Leonardo Wexell Severo
No
seu livro “Pátria ou dólar – Banco Central, corporações e especulação
financeira”, o economista argentino Alejandro Vanoli avalia os governos
peronistas de Néstor Kirchner (2003-2007) e de Cristina Krichner
(2007-2015), dando inúmeros exemplos de recuperação da soberania e da
dignidade a partir do “enfrentamento ao poder corporativo nacional e
multinacional”.
Ex-presidente
dos dois principais organismos para a regulação monetária e financeira
da Argentina, o Banco Central e a Comissão Nacional de Valores (CNV),
Vanoli aborda casos emblemáticos. Entre outras medidas, durante sua
gestão na CNV, ocorreu a reestatização/nacionalização das Jazidas
Petrolíferas Fiscais (YPF) – a Petrobrás do país vizinho – que havia
sido “vendida” por Carlos Menem à espanhola Repsol, caso que abordaremos
nesta página.
Na
avaliação do patriota argentino, neste momento de “aprofundamento
neoliberal” feito pelo governo de Mauricio Macri, “é preciso ajudar a
pensar, debater e atuar, para clarear a máquina de mentiras,
desinformação, ocultamento e confusão de tantos cidadãos, e assim
podermos reverter o mais rápido que se possa o retrocesso sofrido desde o
final de 2015”.
Pelas
suas consequências políticas, econômicas e ideológicas para a
integração e o desdobramento da luta no continente, é imprescindível
fazer o paralelo com o leilão do Campo de Libra, no pré-sal, em 2013,
entregue ao cartel estrangeiro encabeçado pela Shell. Assim como
refletir sobre o significado da alavancagem de um Henrique Meirelles,
presidente internacional do BankBoston, à presidência do Banco Central
do Brasil (2003-2011). Parafraseando Evita Perón, “sobre as cinzas dos
traidores, construiremos a Pátria dos humildes”.
YPF. Um pouco de história
Alejandro Vanoli
Jazidas
Petrolíferas Fiscais (YPF). Um símbolo do nosso país.

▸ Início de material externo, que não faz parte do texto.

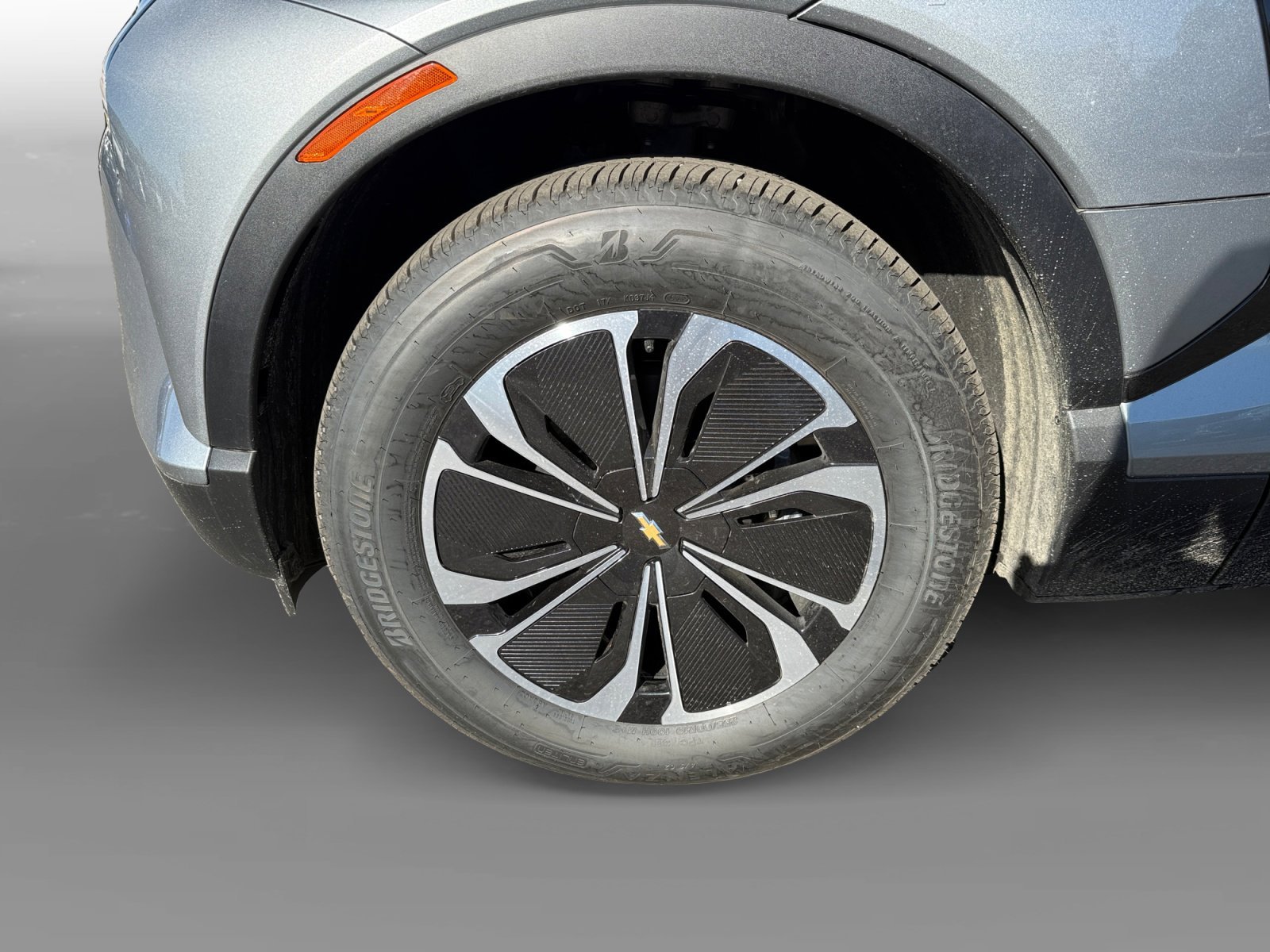New 2026 Sterling Gray Metallic Chevrolet FWD LT image 9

Foi criada em
1922 durante a presidência de Hipólito Yrigoyen a pedidos do General
Enrique Mosconi, que foi seu primeiro diretor.
Durante
décadas a YPF se desdobrou em todo o país, conciliando seu aporte ao
abastecimento energético com o desenvolvimento nacional. Na ditadura
militar foi endividada sem uma correspondência com o investimento,
gerando as condições para a sua privatização em 1992.
A
YPF foi transformada em sociedade anônima. Em 1993, o Estado mantinha
20% das ações e a ação de ouro (golden share- que dá direitos especiais a
seu possuidor, mesmo sendo minoritário) e 12% ficavam em mãos dos
estados. O setor privado era proprietário de 46% do pacote acionário,
composto por bancos e fundos de investimento de diversos países. Em
1998, o setor privado já possuía quase 75% das ações, ainda que o Estado
mantivesse a ação de ouro.
Finalmente,
a privatização foi concluída em 1999, quando o Estado argentino vendeu à
Repsol 14,99% das ações da YPF. Uma venda sem precedentes. Nunca um
país e um Estado entregaram seus recursos naturais. Nem sequer o Chile
ultraliberal de Pinochet privatizou o cobre. Nem os países mais
privatistas venderam suas empresas petrolíferas.
Além
disso, esta venda foi realizada em 1999, último ano do governo de
Menem, em um ano em que o preço do petróleo tocou nos oito dólares o
barril, mínimo histórico em décadas, sendo o paradigma da entrega e do
capengar dos infames anos 90.
O
governo negociou com o FMI que a venda da YPF pudesse ser computada
como uma entrada corrente e não extraordinária para maquiar o resultado
fiscal desse ano, violando os critérios técnicos do próprio Organismo.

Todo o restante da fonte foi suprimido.